Parents Face Backlash For This Decision — It May Surprise You Who It’s Coming From

Homeschooling has come a long way in the last two decades.

The practice started to gain momentum in the 1980s, but was still rare and many parents faced criticism for their choice.

And perhaps because homeschooling has become more common—in an ironic twist—former homeschooling parents who must send their kids back to school are facing backlash of another sort—from other homeschooling parents.

The reasons for transitioning a homeschooled child back to school, whether it be a private or public school, can be numerous and very personal.

Today’s Parent reports:

More than 1.5 million children, about 3 percent of the school-age population in the United States, are home-schooled, and every year a number of kids go from home-school to traditional school, and vice versa. Making the switch from home to a regular school can be challenging: a new social scene, different academic expectations, and a teacher who doesn’t answer to “Mom.” Sometimes, though, the ones who have the toughest time adjusting are the parents.
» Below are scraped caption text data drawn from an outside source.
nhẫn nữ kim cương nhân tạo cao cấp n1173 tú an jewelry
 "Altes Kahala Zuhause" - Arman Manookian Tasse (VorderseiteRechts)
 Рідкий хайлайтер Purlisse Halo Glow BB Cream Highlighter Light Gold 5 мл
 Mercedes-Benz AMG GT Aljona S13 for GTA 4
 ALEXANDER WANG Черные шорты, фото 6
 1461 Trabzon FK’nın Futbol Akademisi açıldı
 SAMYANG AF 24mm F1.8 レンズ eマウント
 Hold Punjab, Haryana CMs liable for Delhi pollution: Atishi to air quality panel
The reason for switching from home to regular school may be financial — the parent who was the teacher has to go back to work. In other cases, parents decide that a traditional school environment would be better for their child.

The homeschooling community is tight-knit and protective, and often homeschooling parents feel it is the best, and only, choice for a proper education.

Homeschooling is an incredible blessing and wonderful opportunity for the family, however it is not always possible to continue the journey.

Financial struggles may force the homeschooling parent back to work.  The child may have special needs which the parent cannot properly address, or the parent quite simply faces burnout, especially when teaching several children on different levels.

And when parents are already feeling guilty for having to make the choice to send their children back to school, pressure from other homeschooling parents can make the transition all the more difficult.

Other parents may not understand why anyone would make the decision to stop homeschooling and explore other options.

Especially in the case of homeschooling for religious reasons, parents who have to send their children to public, secular school can face the disapproval of other parents who feel their Christian values may be endangered.

These parents may also be ostracized by homeschooling parents who feel their values will be undermined by continuing a friendship with someone outside of the homeschooling community.

Transitioning from homeschooling is a difficult process for the family involved, but careless remarks or lack of support from other parents can compound the emotional upheaval they are already experiencing.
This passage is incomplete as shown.